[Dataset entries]
# # # # # # #

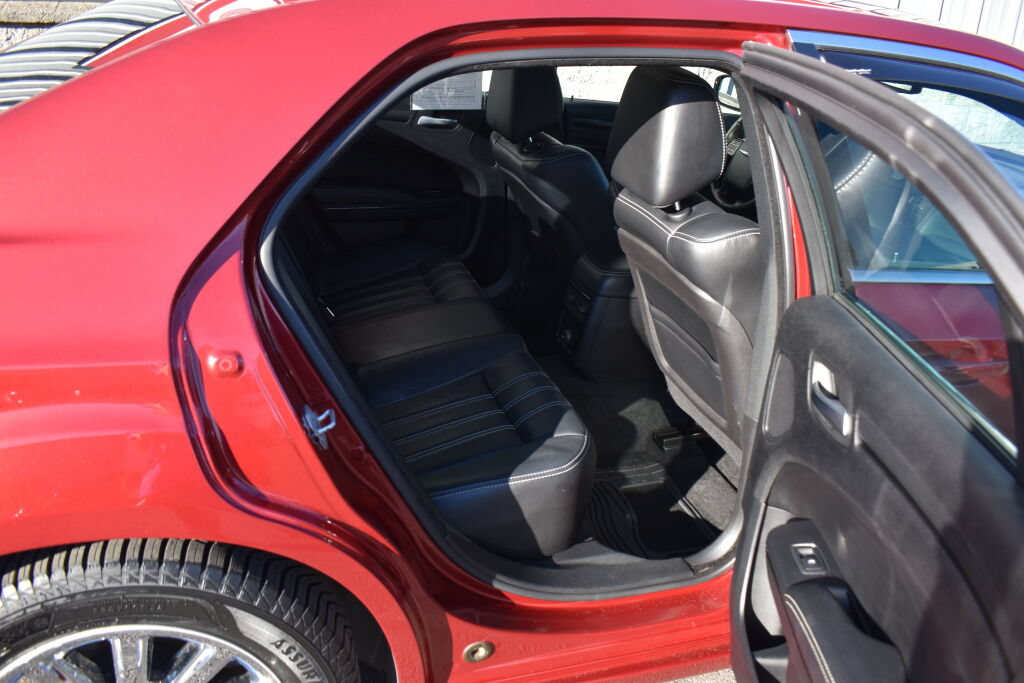 Used 2013 Chrysler 300 S RWD image 23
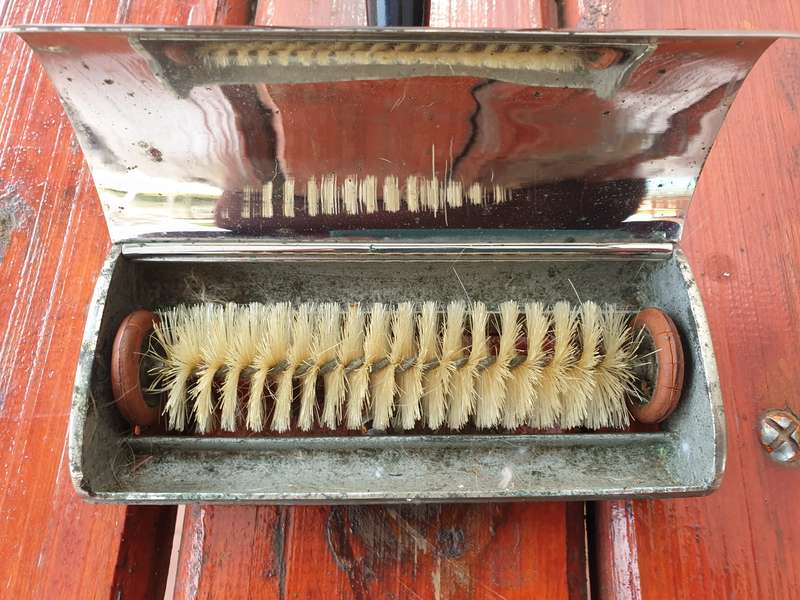 VINTAGE MINI SPILL SWEEPER METAL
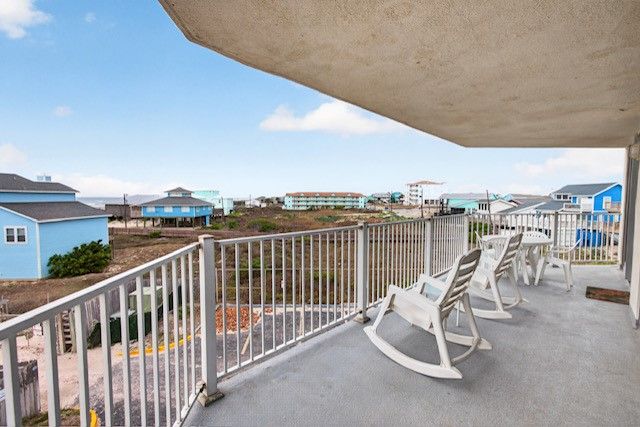 800 Sandcastle Dr 238, Port Aransas, TX 78373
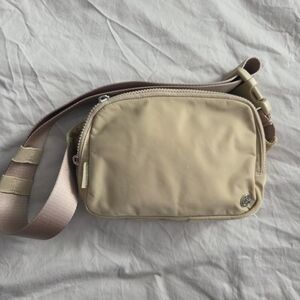 Lululemon Everywhere Belt Bag Large 2L Beige/Tan/Khaki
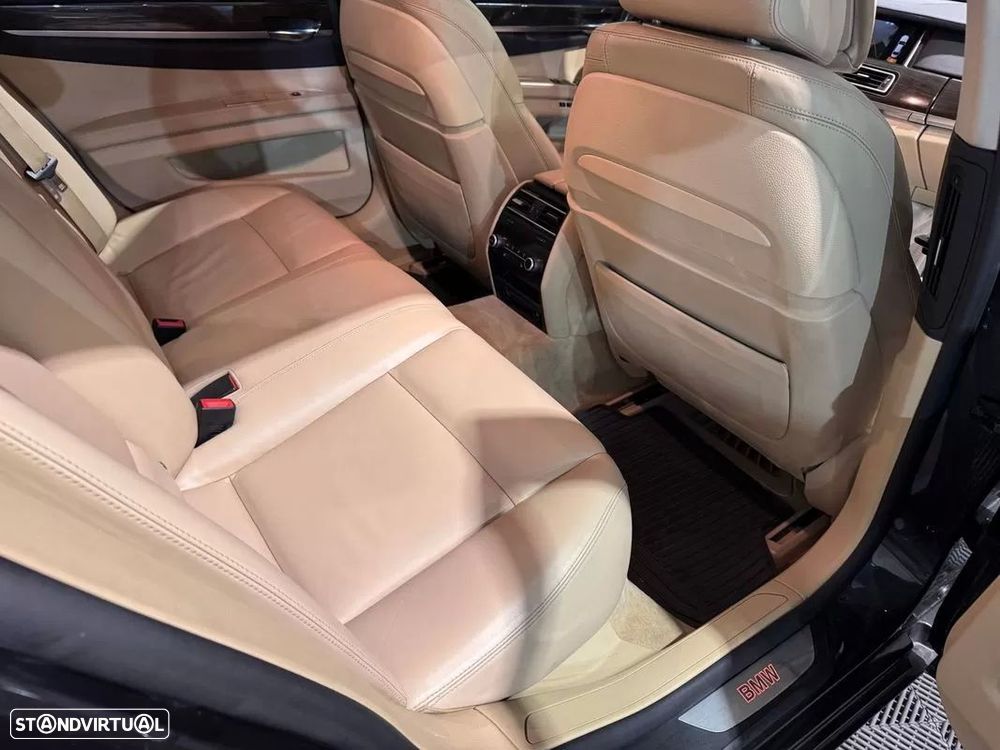 BMW 740 d — fotografia 15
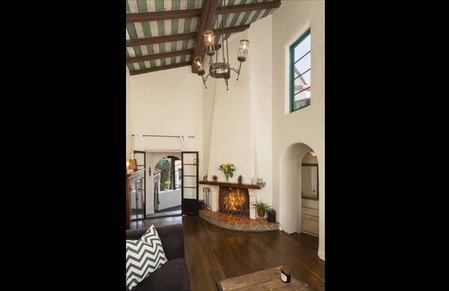 tagreuters.com2018binary_MT1VRTP0JW4U3G-VIEWIMAGE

# # # # # # #

# Problem description
An exact copy of every line above, minus the pictures, is the required output.

# Task answer
 Used 2013 Chrysler 300 S RWD image 23
 VINTAGE MINI SPILL SWEEPER METAL
 800 Sandcastle Dr 238, Port Aransas, TX 78373
 Lululemon Everywhere Belt Bag Large 2L Beige/Tan/Khaki
 BMW 740 d — fotografia 15
 tagreuters.com2018binary_MT1VRTP0JW4U3G-VIEWIMAGE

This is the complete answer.